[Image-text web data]
⟨

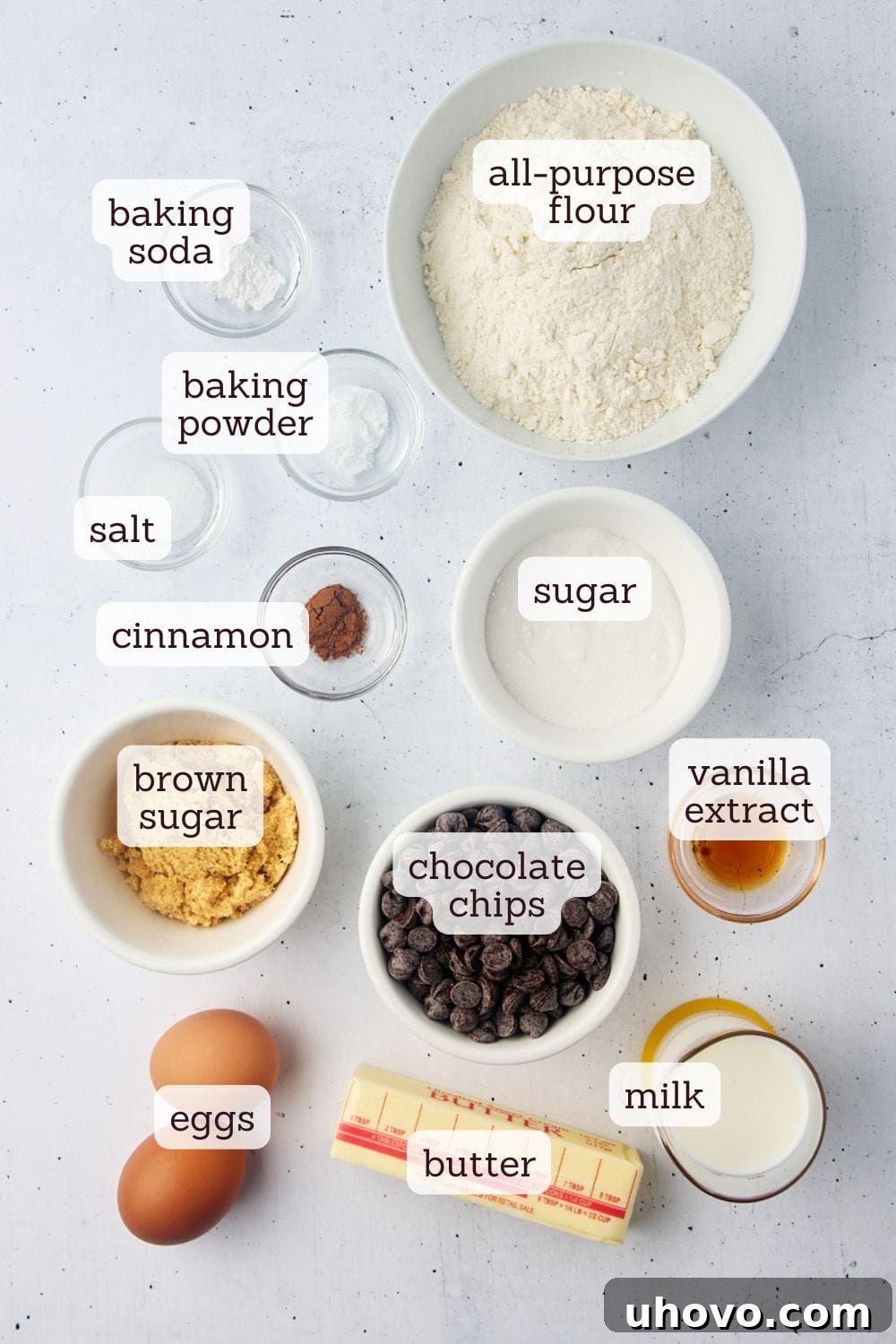Overhead view of perfectly portioned and labeled ingredients for homemade chocolate chip muffins on a white surface, demonstrating readiness for baking.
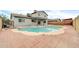 Backyard featuring a kidney shaped pool with a large brick patio, perfect for relaxing at 5228 W Ironwood Dr, Glendale, AZ 85302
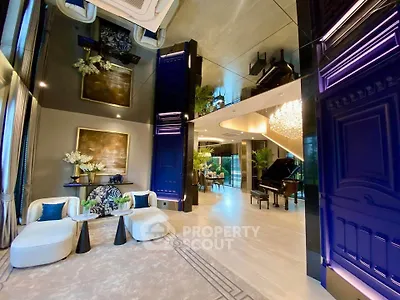 Luxurious modern living room with elegant decor and grand piano, perfect for sophisticated gatherings.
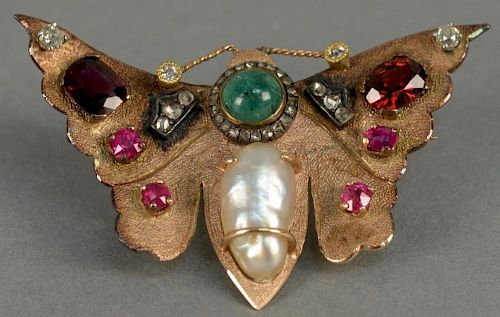 14K butterfly pin set with diamonds, rubies, emerald, and pearl. 
wd. 2 1/4in. 
14.3 grams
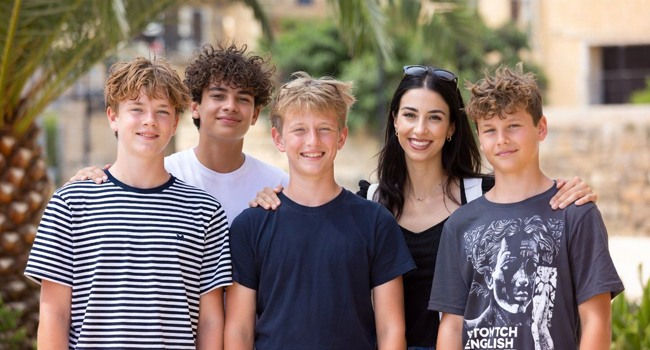 Monitora y profesora con cuatro chicos delante de una palmera en un viaje de idiomas en Malta San Gwann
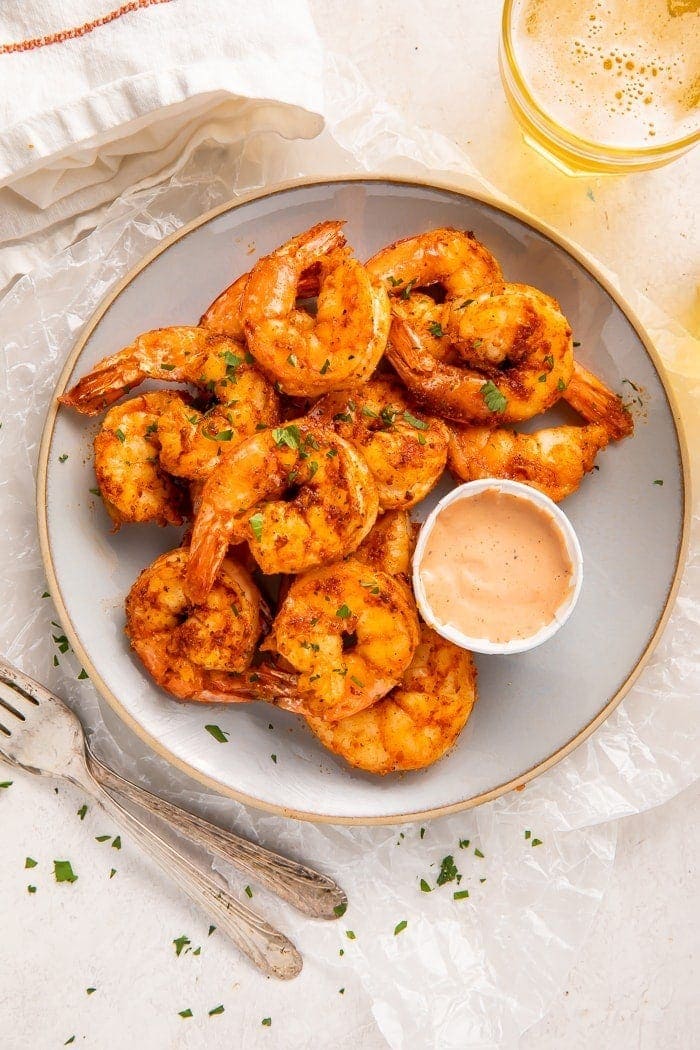 Plate of air fryer shrimp with comeback sauce in a cup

⟩

* Required action
The copy you produce must repeat all the entries exactly and contain no pictures.

* Answer box
Overhead view of perfectly portioned and labeled ingredients for homemade chocolate chip muffins on a white surface, demonstrating readiness for baking.
 Backyard featuring a kidney shaped pool with a large brick patio, perfect for relaxing at 5228 W Ironwood Dr, Glendale, AZ 85302
 Luxurious modern living room with elegant decor and grand piano, perfect for sophisticated gatherings.
 14K butterfly pin set with diamonds, rubies, emerald, and pearl. 
wd. 2 1/4in. 
14.3 grams
 Monitora y profesora con cuatro chicos delante de una palmera en un viaje de idiomas en Malta San Gwann
 Plate of air fryer shrimp with comeback sauce in a cup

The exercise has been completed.